Bring your Council into the digital age. The benefits of holding paperless meetings are:
- Save valuable time and resources
- Improved access to meeting papers, anytime, anywhere
- Improve security
- Reduce your carbon footprint
- Helps with GDPR compliance
The UKLC meeting management module helps you coordinate the publication of agendas, minutes and meeting papers. The information is published on your website in an easily accessible manner.
Members of the public and Councillors can then easily view and download the papers from any device.
Anyone can download publicly available meeting papers. This saves the council time and money when coordinating these meetings as you no longer need to print and distribute lots of paper.
You can manage private or restricted papers securely making them only visible to those members of the meeting that should have access to the information. This also saves the council time and money, but has the added benefit of ensuring that only the people who should see the papers have access to them.
The meetings calendar shows public meetings to everyone. Private meetings are only visible in the calendar for Councillors or other authorised attendees. The meeting papers can be accessed directly from the calendar making it simple to locate the required papers for any particular meeting.
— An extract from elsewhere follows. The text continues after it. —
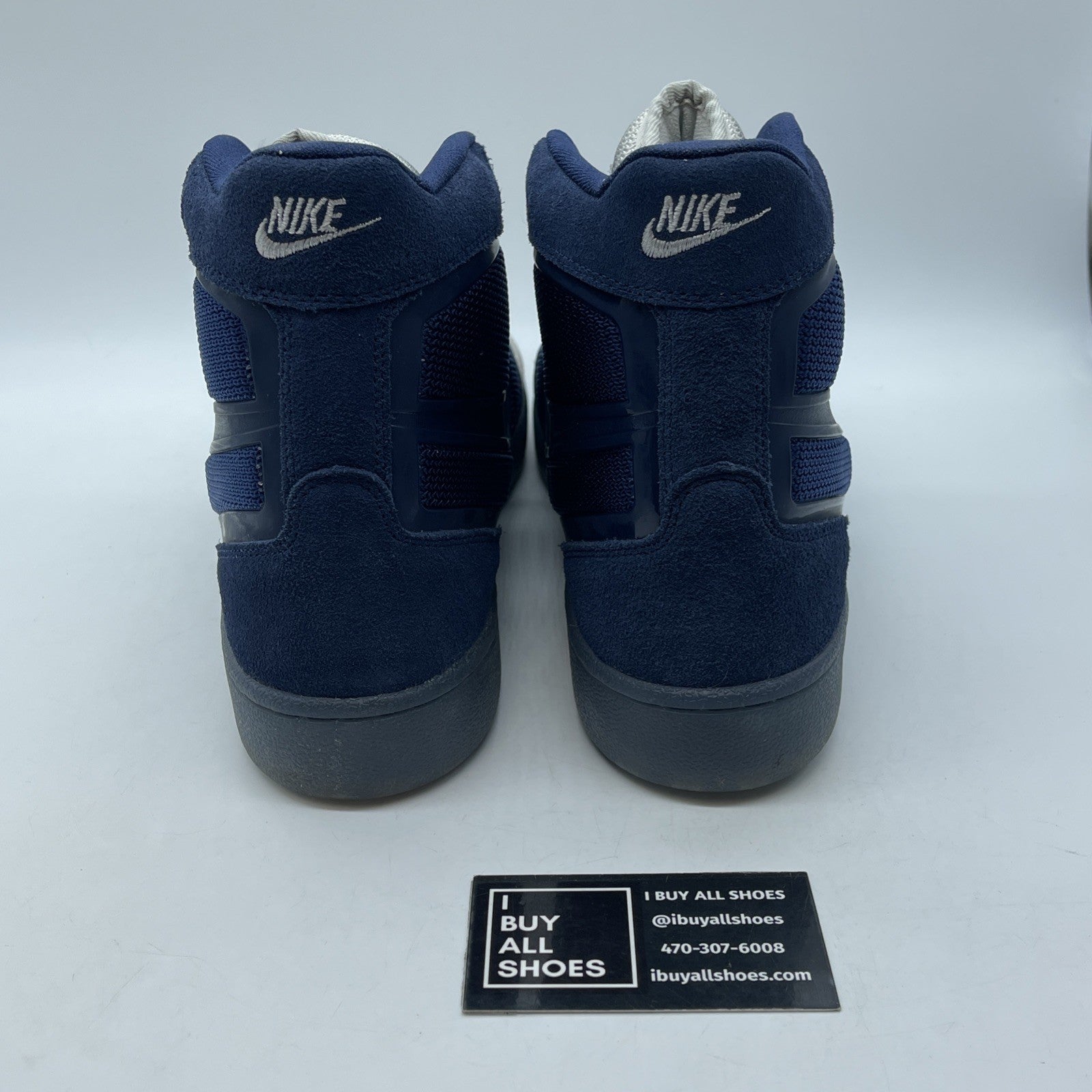 Size 13 - Nike Clean Sweep Premium vintage high top Gray Blue (536852-040)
Several of our customers are already enjoying the benefits of paperless meetings.
Belper Town Council
Liz Page, Clerk to Belper Town Council said: "The document management system (DMS) allows us to store all documents in one place and to tag them making it very easy to manage versions and to search for and locate documents of interest. Each document can be public or private and linked to calendar entries, this makes it possible for Councillors to be completely paperless with rapid links to agendas, minutes and papers all from within a single entry in the council meetings calendar. It also means that the public can see the Agenda and all supporting papers and reports from the calendar entry. Making what we do very transparent".
"We have successfully used the UKLC meeting management module to achieve our ambition of running a 'paperless' council. Each Councillor is issued with a tablet device".
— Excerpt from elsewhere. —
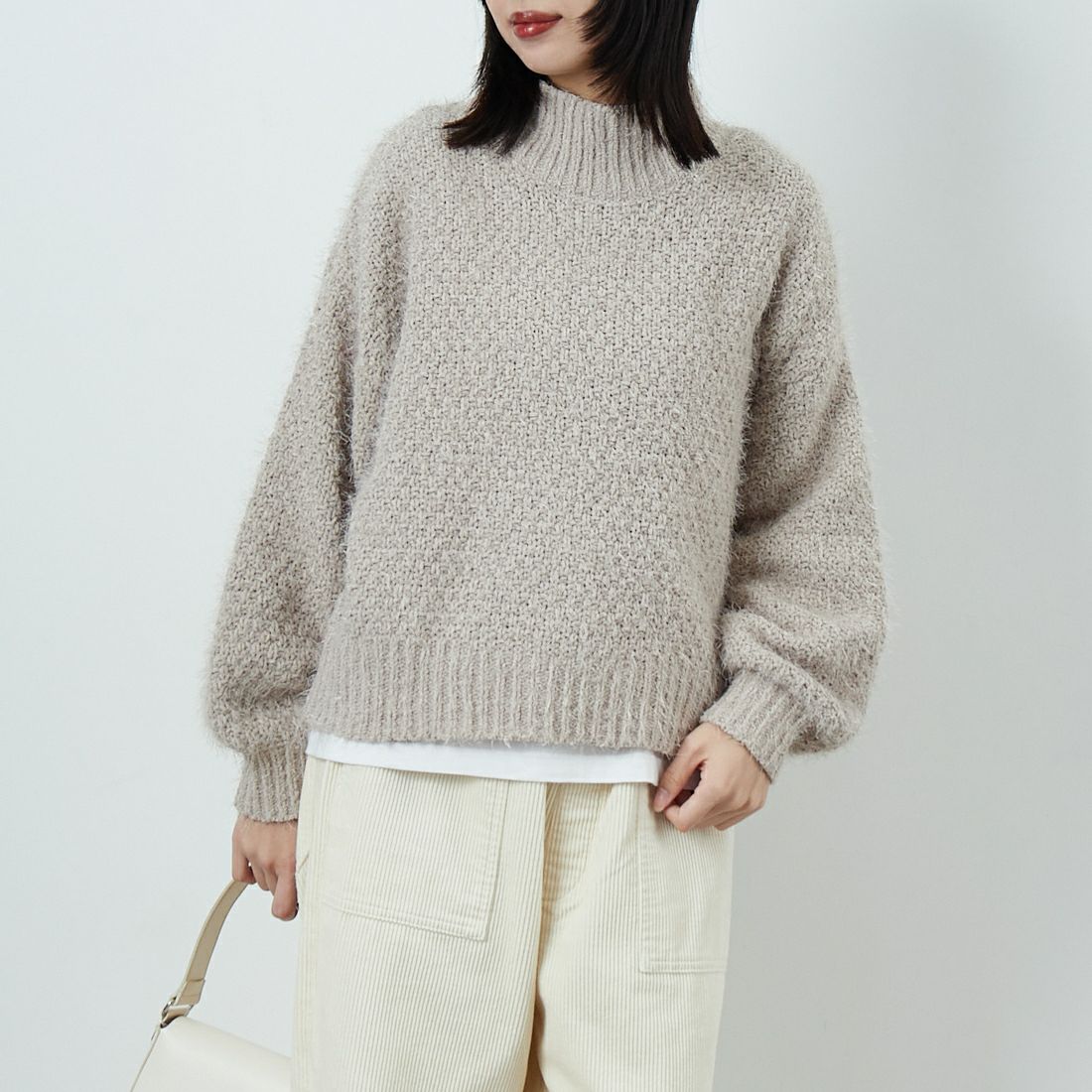 Jf Ready Made [ジェイエフレディメイド] バスケットモール スタンドネックプルオーバー [3225420] ｸﾞﾚｰﾍﾞｰｼﾞｭ &&モデル身長：162cm 着用サイズ：F&&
Liz went on to say that "Councillors can only access their documents and Councillor emails from their tablets keeping everything all in one place. This makes it easy for the council to manage emails for GDPR with nothing being stored on personal devices.
Liz has since moved on to Geldards LLP where she wrote a comprehensive article titled 'The safety of data on councillors' personal devices' The article was published in the Local Government News and covers loads of practical information that councils can adopt.
All councils have legal obligations to protect the security of data that identifies a living person (personal data). Failure to comply with these obligations could result in the council being subject to fines or other enforcement action by the Information Commissioner and the reputational damage that ensues from such enforcement actions.
Duffield Parish Council
Kath Gruber, Clerk to Duffield Parish Council said: "Before we went paperless we had to print out the meeting papers and deliver them to our Councillors, that consumed a lot of our resource which can now be used to work on more strategic matters."
"We free issue our Councillors with tablet devices. There are a few practical points to consider. Do Councillors know how to operate their devices? We have provided training to Councillors so that they can use them effectively. We use the document management system to keep the papers in a shared drive that Councillors access and these are projected onto a screen at the meetings so it's not a problem if someone forgets their device. This also means the public can see the papers being discussed at meetings. As well as making significant financial savings to taxpayers through reducing the quantities of paper used, saving time, we have reduced our carbon footprint and brought the Parish Council into the digital age."